> [What is being asked]
Would you give the listing back word for word once its pictures are removed?

> [Records shown]
►

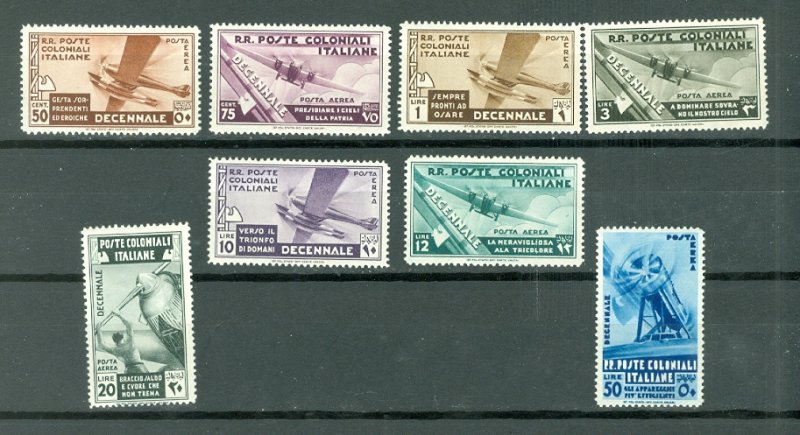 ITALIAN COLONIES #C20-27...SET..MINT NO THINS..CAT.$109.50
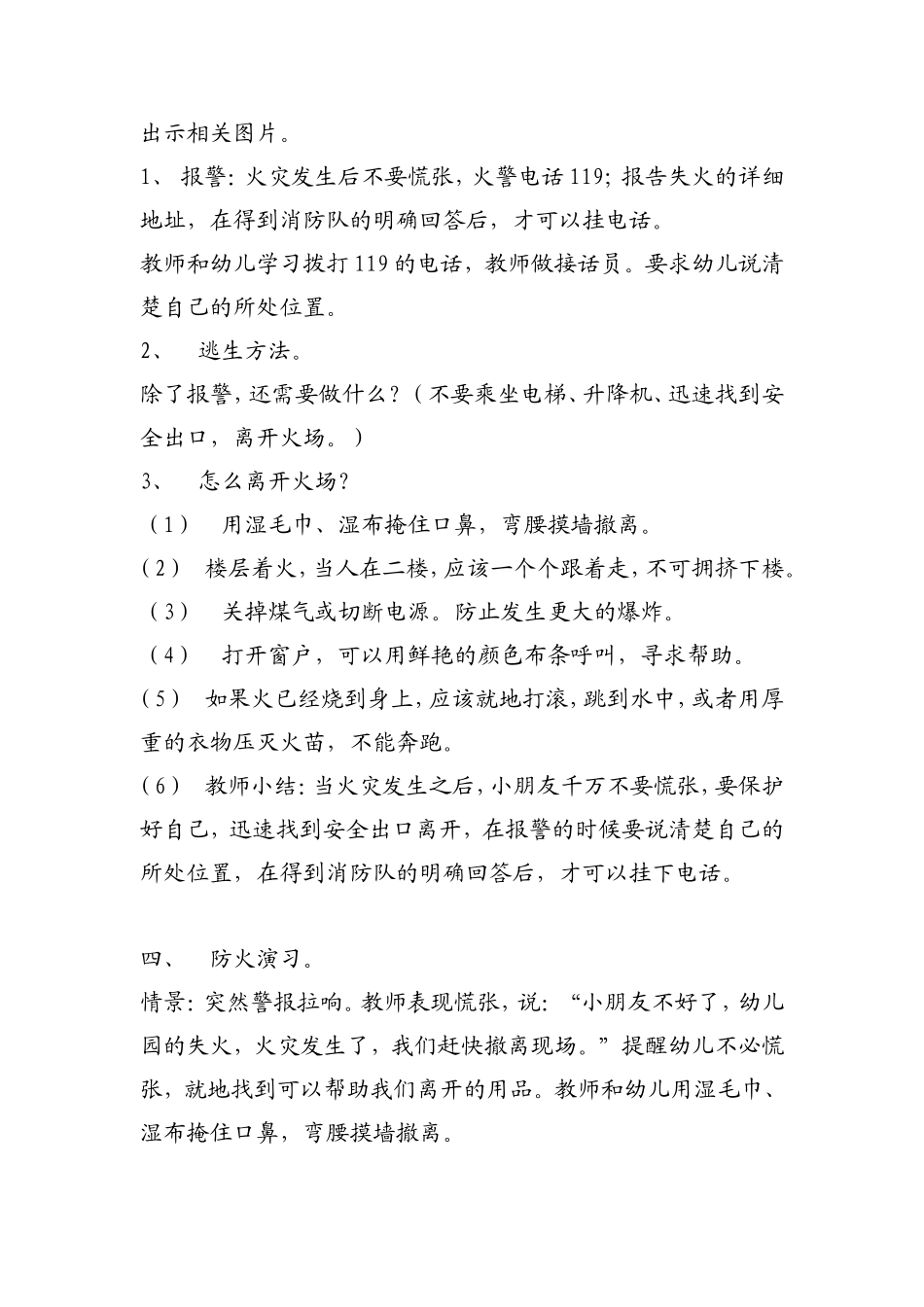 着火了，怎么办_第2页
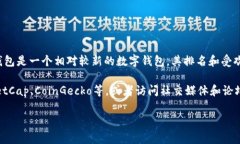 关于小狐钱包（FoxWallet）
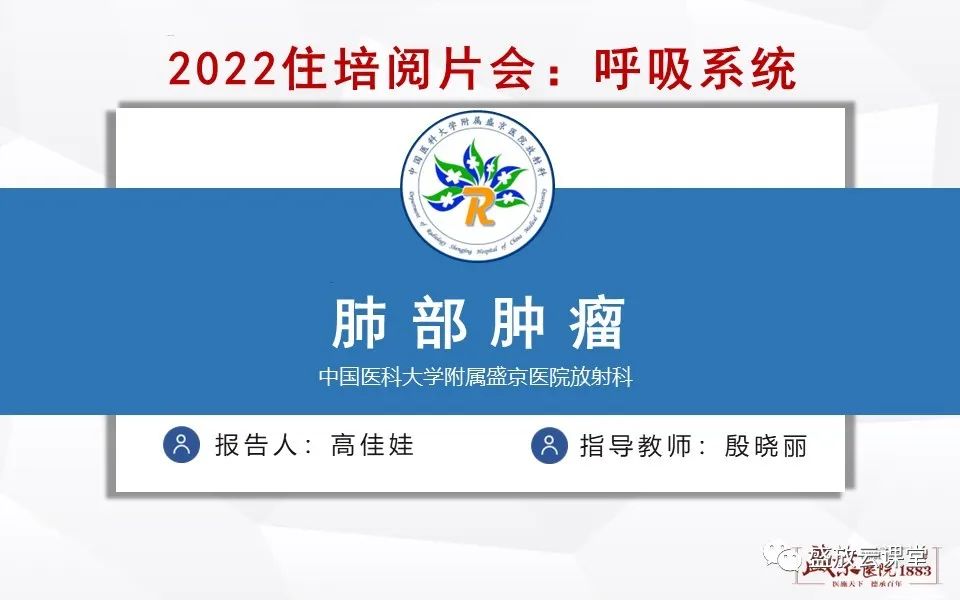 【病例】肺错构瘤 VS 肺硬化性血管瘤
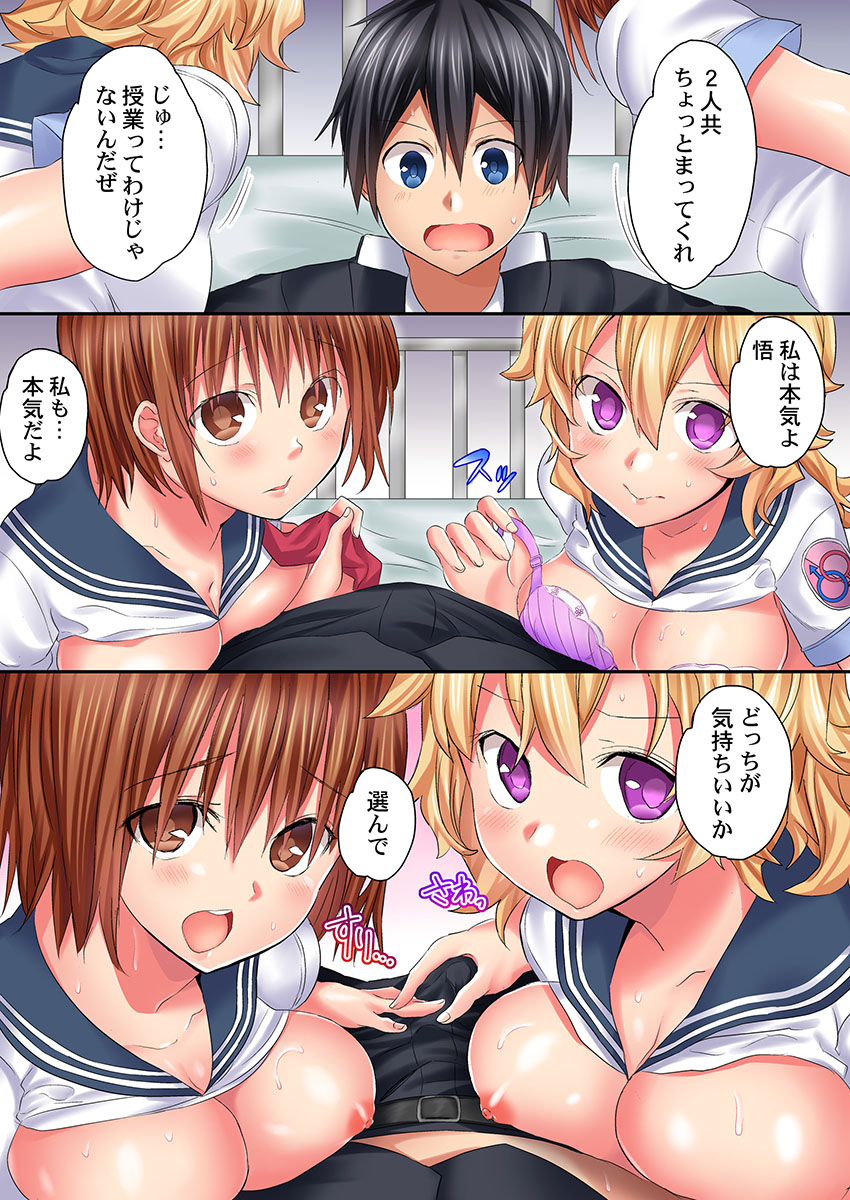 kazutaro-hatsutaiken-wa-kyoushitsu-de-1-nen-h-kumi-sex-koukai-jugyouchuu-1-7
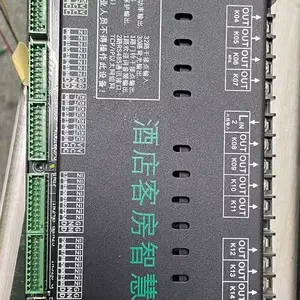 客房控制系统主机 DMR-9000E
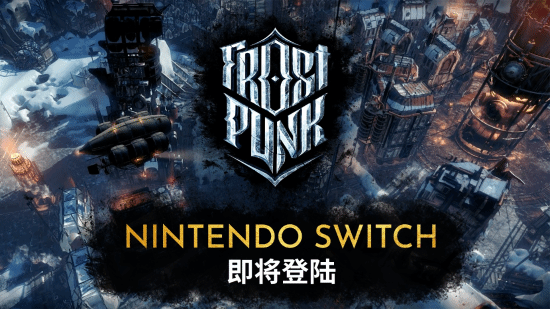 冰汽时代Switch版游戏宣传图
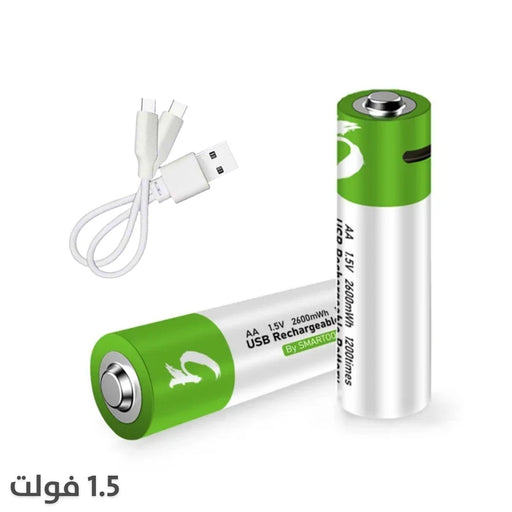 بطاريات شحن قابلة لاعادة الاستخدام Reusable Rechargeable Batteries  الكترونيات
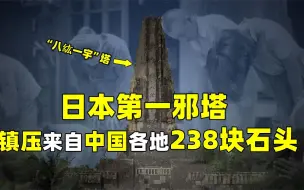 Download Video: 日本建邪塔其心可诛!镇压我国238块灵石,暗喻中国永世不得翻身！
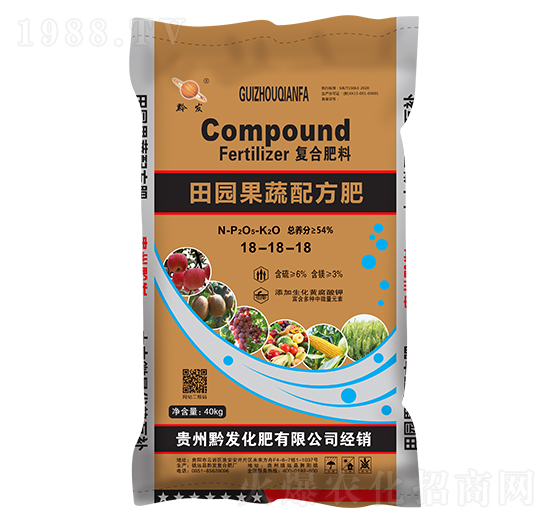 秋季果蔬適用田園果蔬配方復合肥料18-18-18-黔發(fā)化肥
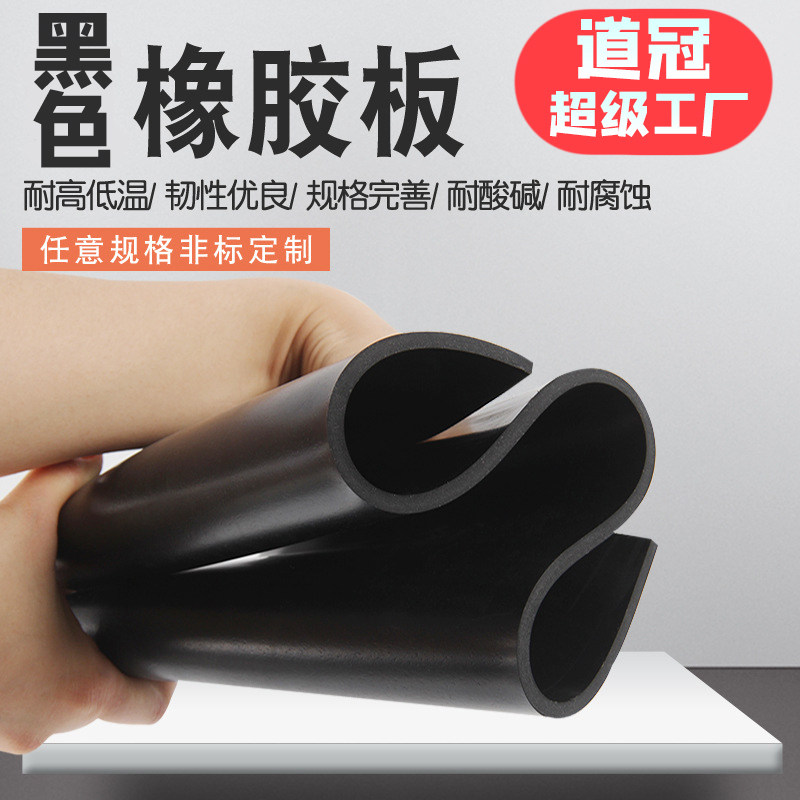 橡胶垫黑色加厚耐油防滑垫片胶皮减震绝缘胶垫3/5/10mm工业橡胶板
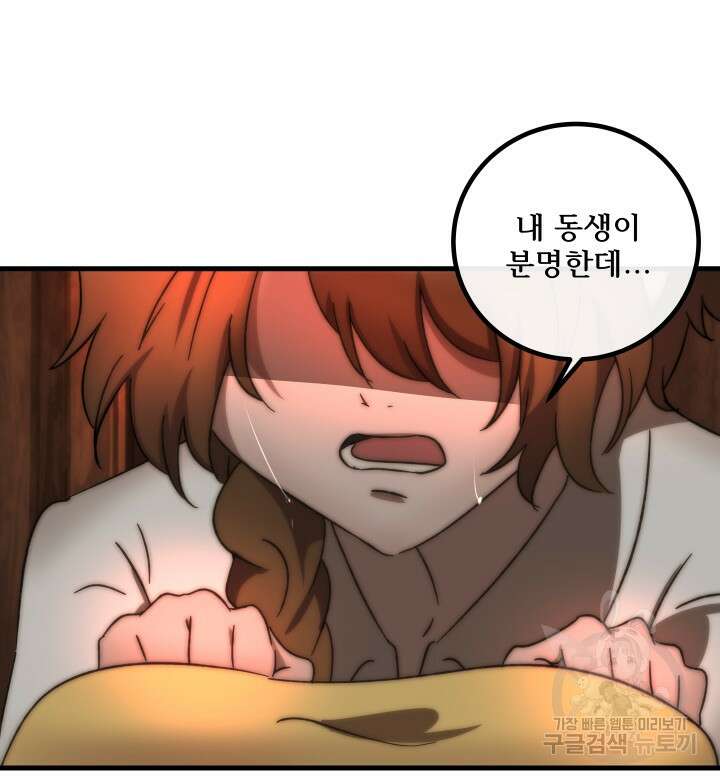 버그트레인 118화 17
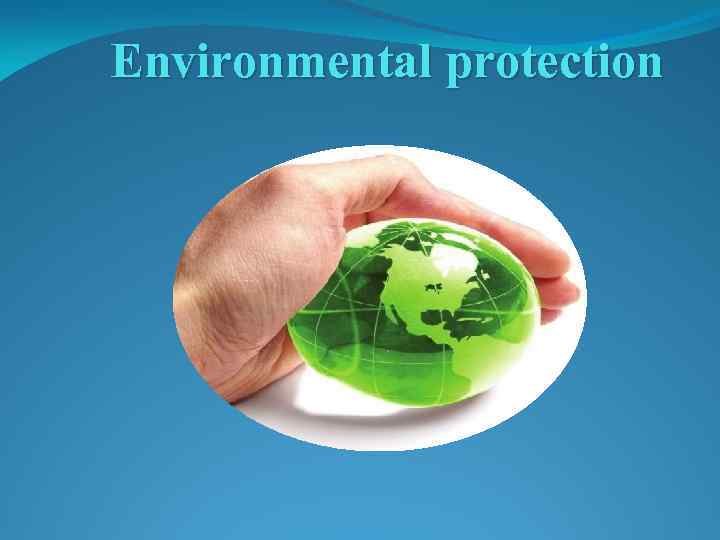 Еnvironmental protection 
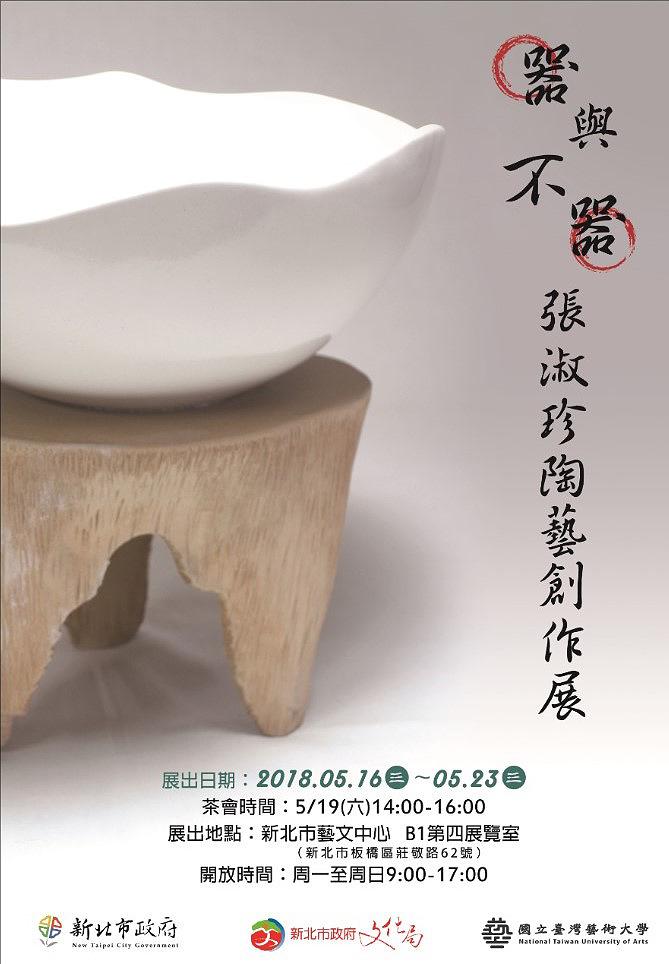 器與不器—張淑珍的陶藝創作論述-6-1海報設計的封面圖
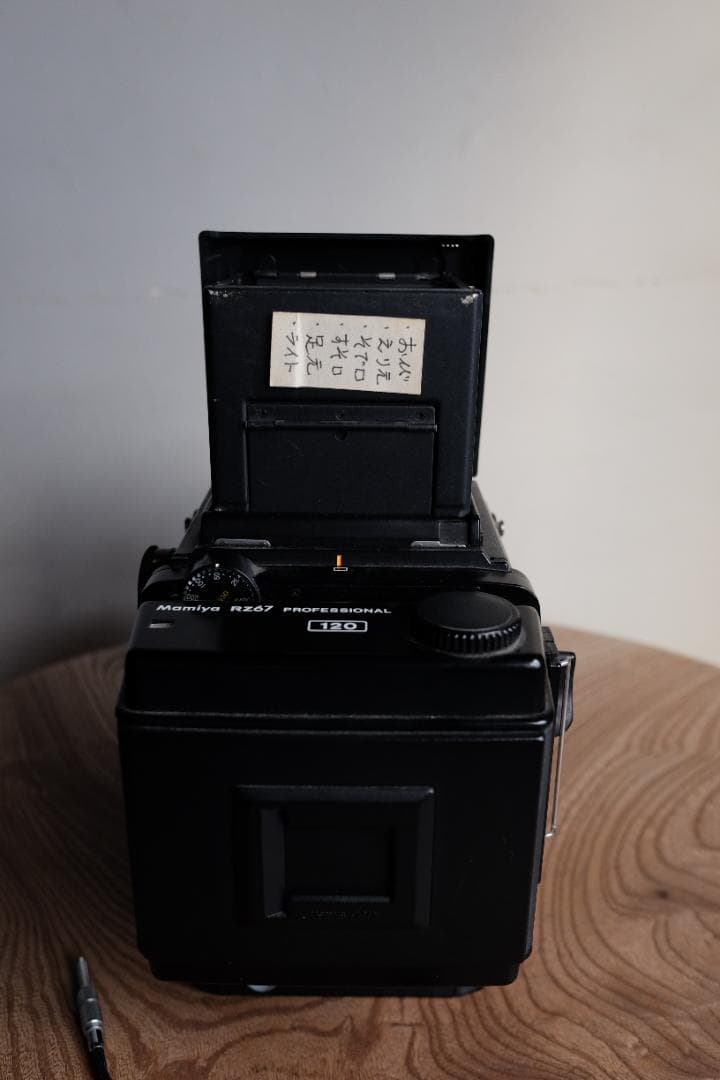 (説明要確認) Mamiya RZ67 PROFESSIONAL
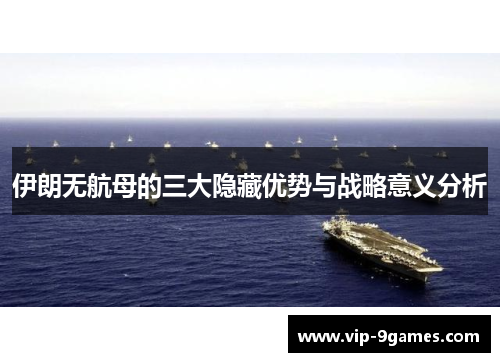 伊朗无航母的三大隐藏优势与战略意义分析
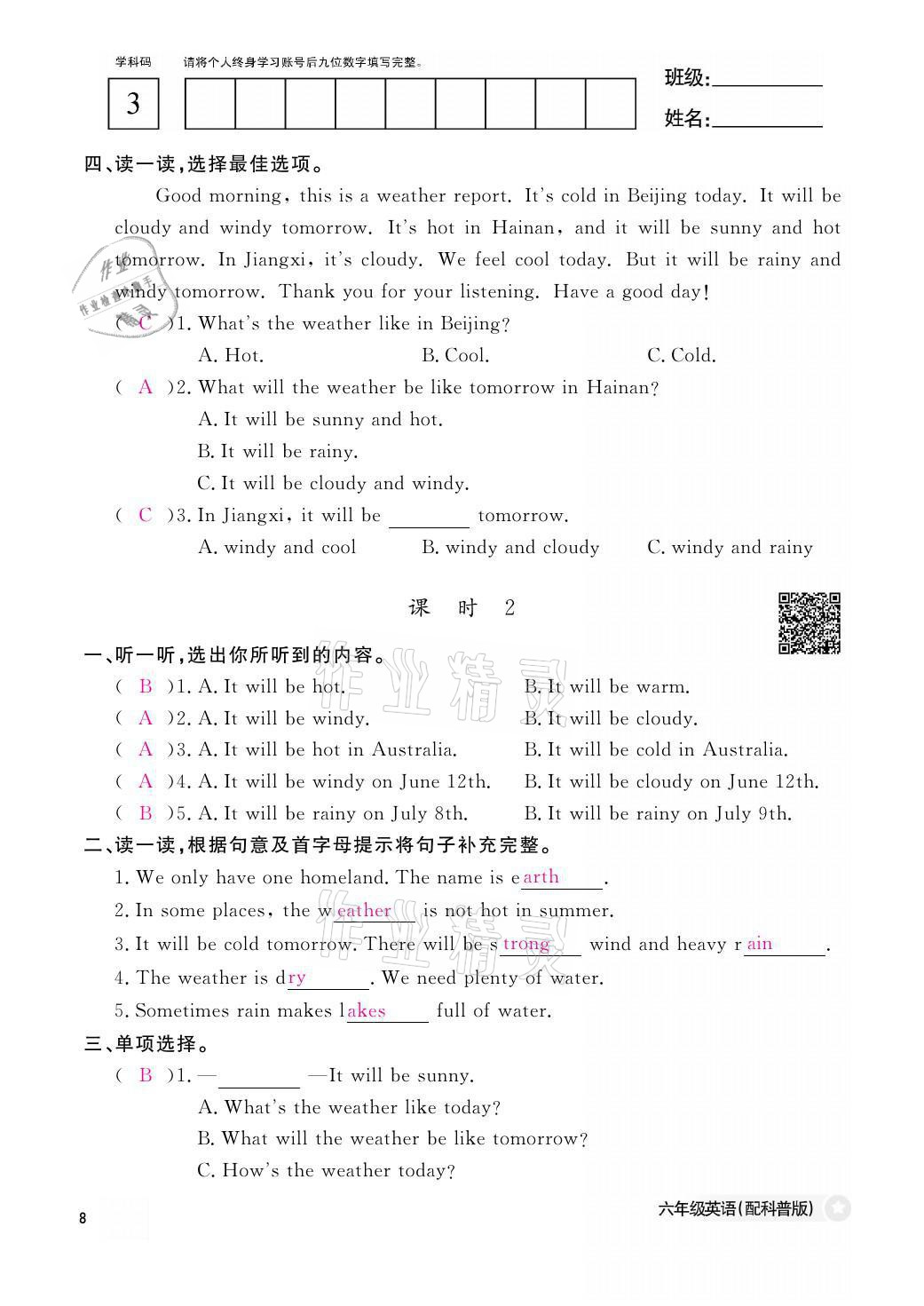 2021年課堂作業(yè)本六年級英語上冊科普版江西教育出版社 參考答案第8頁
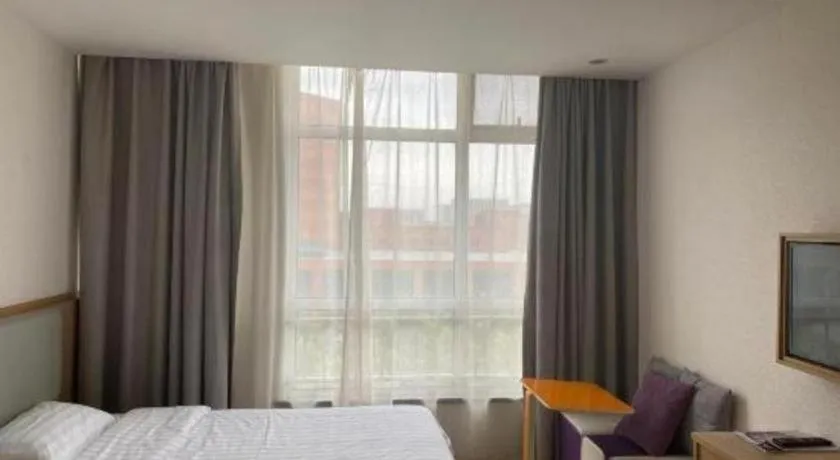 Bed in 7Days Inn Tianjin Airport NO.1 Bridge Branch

◄

> [Written response]
 ITALIAN COLONIES #C20-27...SET..MINT NO THINS..CAT.$109.50
 着火了，怎么办_第2页
 关于小狐钱包（FoxWallet）
 【病例】肺错构瘤 VS 肺硬化性血管瘤
 kazutaro-hatsutaiken-wa-kyoushitsu-de-1-nen-h-kumi-sex-koukai-jugyouchuu-1-7
 客房控制系统主机 DMR-9000E
 冰汽时代Switch版游戏宣传图
 بطاريات شحن قابلة لاعادة الاستخدام Reusable Rechargeable Batteries  الكترونيات
 Download Video: 日本建邪塔其心可诛!镇压我国238块灵石,暗喻中国永世不得翻身！
 秋季果蔬適用田園果蔬配方復合肥料18-18-18-黔發(fā)化肥
 橡胶垫黑色加厚耐油防滑垫片胶皮减震绝缘胶垫3/5/10mm工业橡胶板
 버그트레인 118화 17
 Еnvironmental protection 
 器與不器—張淑珍的陶藝創作論述-6-1海報設計的封面圖
 (説明要確認) Mamiya RZ67 PROFESSIONAL
 伊朗无航母的三大隐藏优势与战略意义分析
 2021年課堂作業(yè)本六年級英語上冊科普版江西教育出版社 參考答案第8頁
 Bed in 7Days Inn Tianjin Airport NO.1 Bridge Branch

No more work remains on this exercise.